**Data to process**
● ● ●

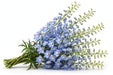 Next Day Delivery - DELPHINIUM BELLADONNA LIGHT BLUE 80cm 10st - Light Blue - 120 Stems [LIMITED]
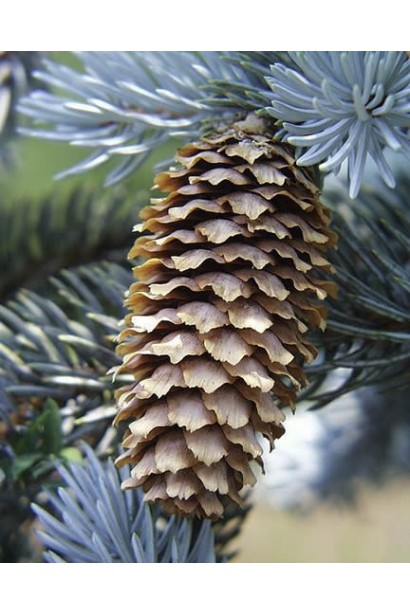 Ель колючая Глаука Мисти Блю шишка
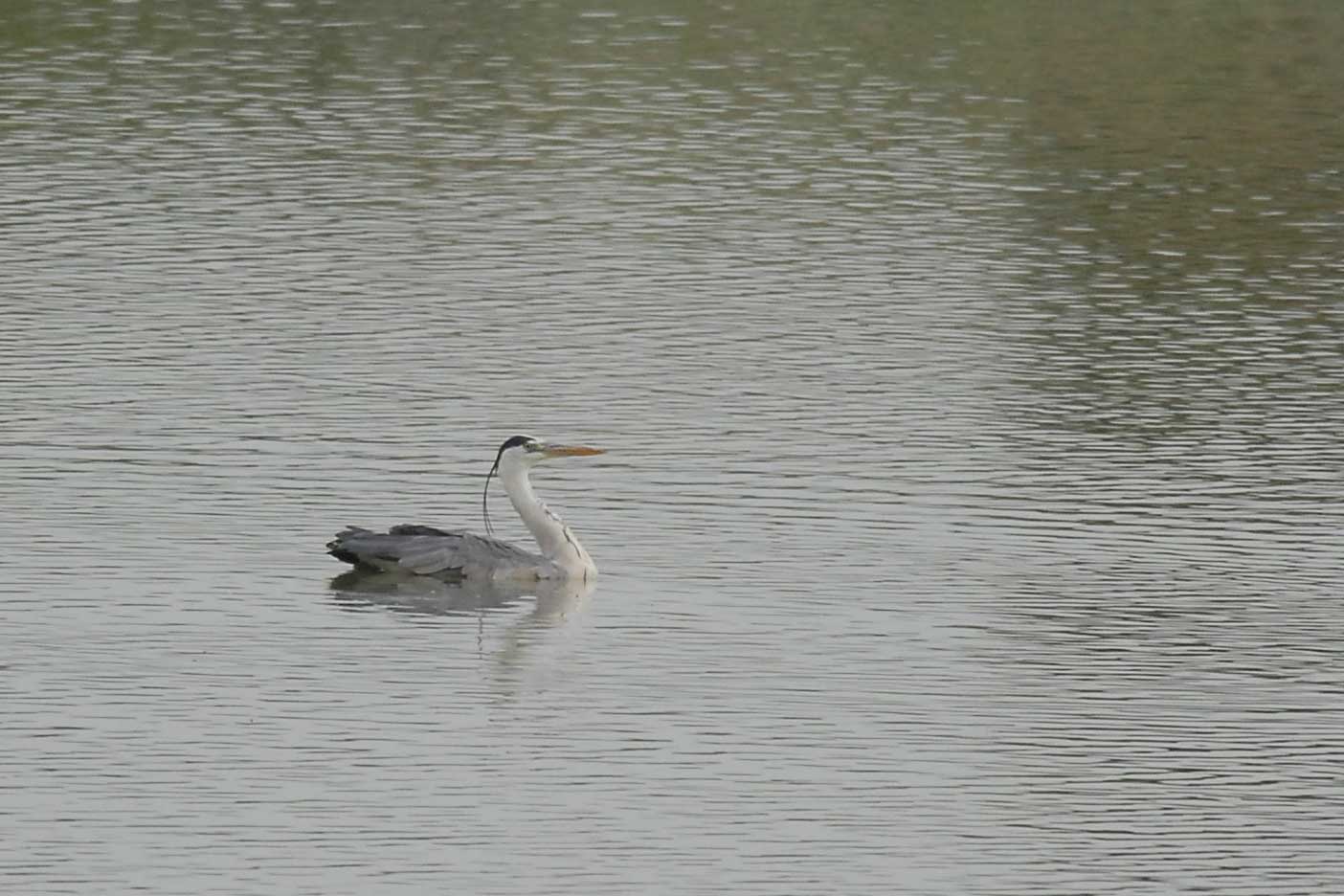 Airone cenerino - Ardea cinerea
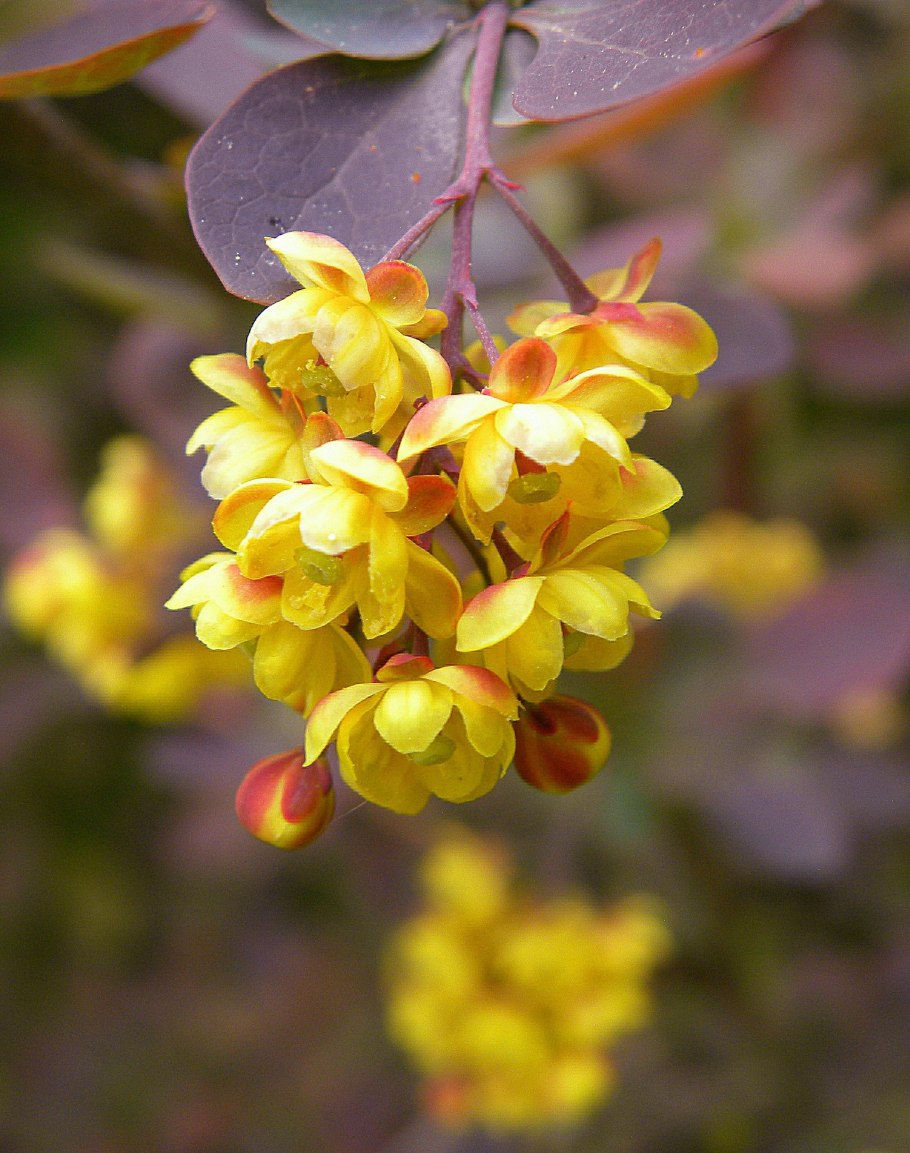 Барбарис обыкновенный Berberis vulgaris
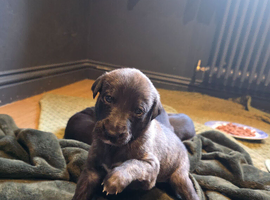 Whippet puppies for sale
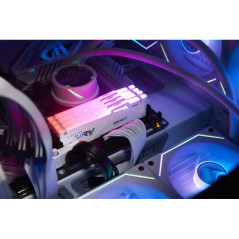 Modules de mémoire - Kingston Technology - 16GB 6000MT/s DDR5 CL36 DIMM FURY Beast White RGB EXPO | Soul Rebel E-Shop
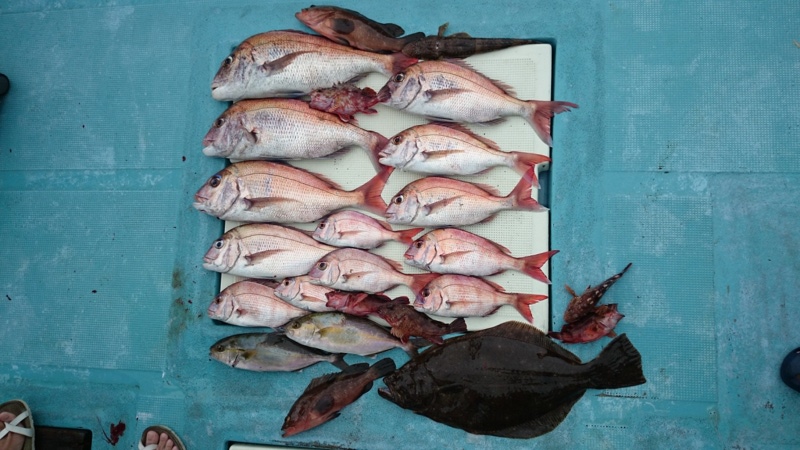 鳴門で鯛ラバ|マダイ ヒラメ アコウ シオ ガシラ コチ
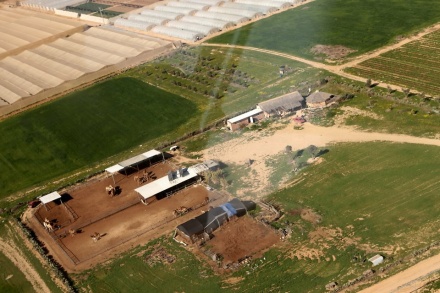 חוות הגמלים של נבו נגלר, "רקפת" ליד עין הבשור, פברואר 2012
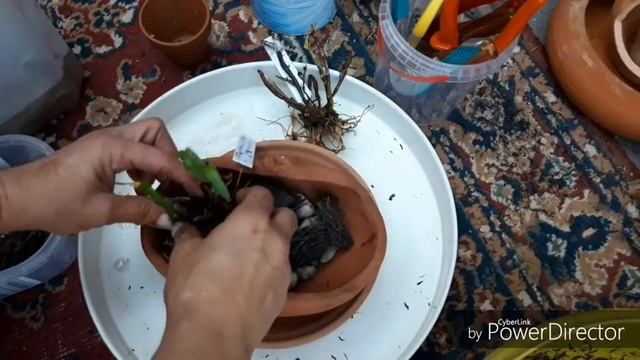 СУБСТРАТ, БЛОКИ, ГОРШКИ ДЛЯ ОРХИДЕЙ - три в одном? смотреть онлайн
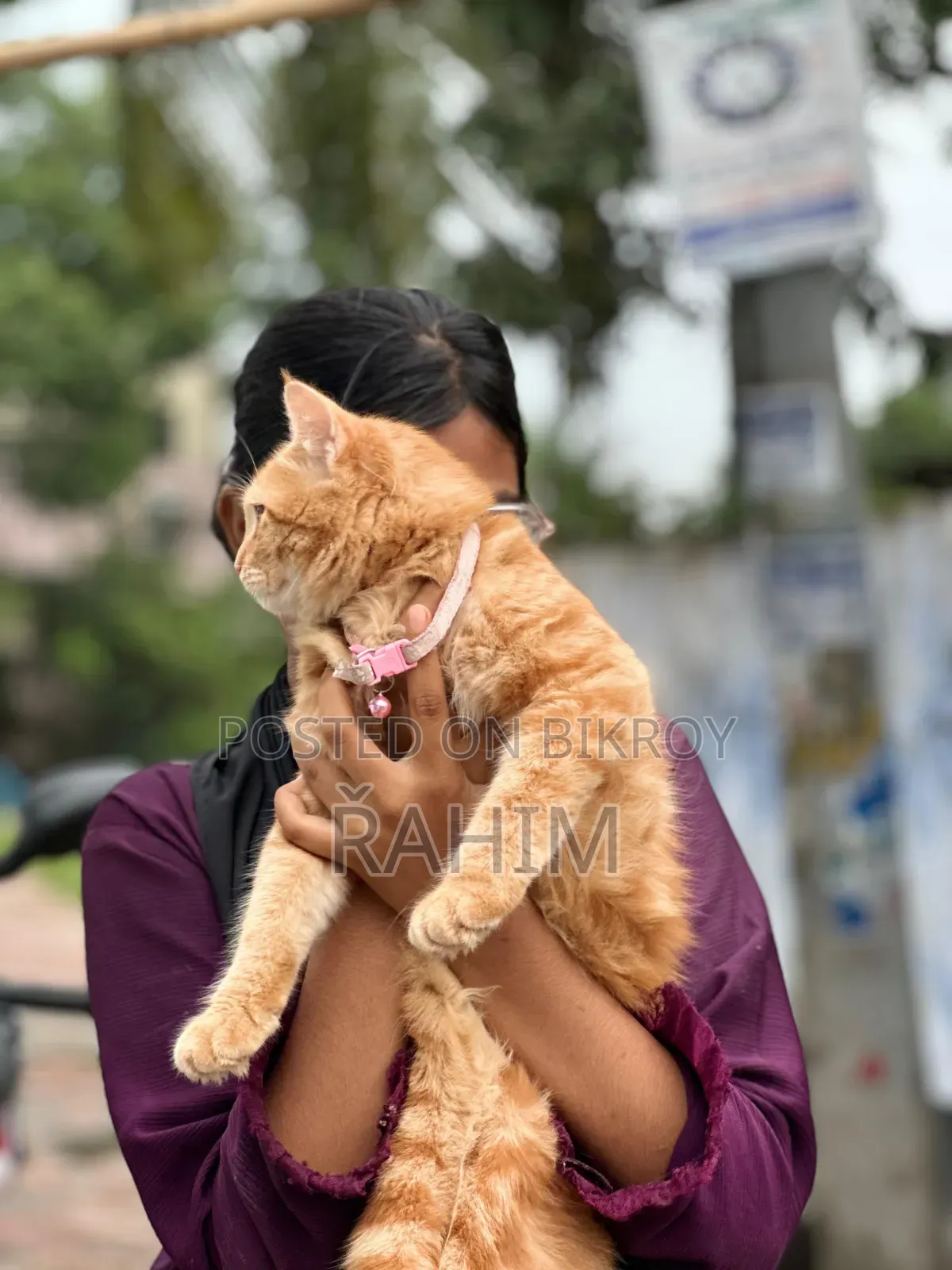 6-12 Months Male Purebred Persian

● ● ●

**Exercise objective**
Exactly restate the lines from the one holding "СУБСТРАТ, БЛОКИ, ГОРШКИ" to the final line of the records above, including both and excluding pictures.

**Result of this task**
 СУБСТРАТ, БЛОКИ, ГОРШКИ ДЛЯ ОРХИДЕЙ - три в одном? смотреть онлайн
 6-12 Months Male Purebred Persian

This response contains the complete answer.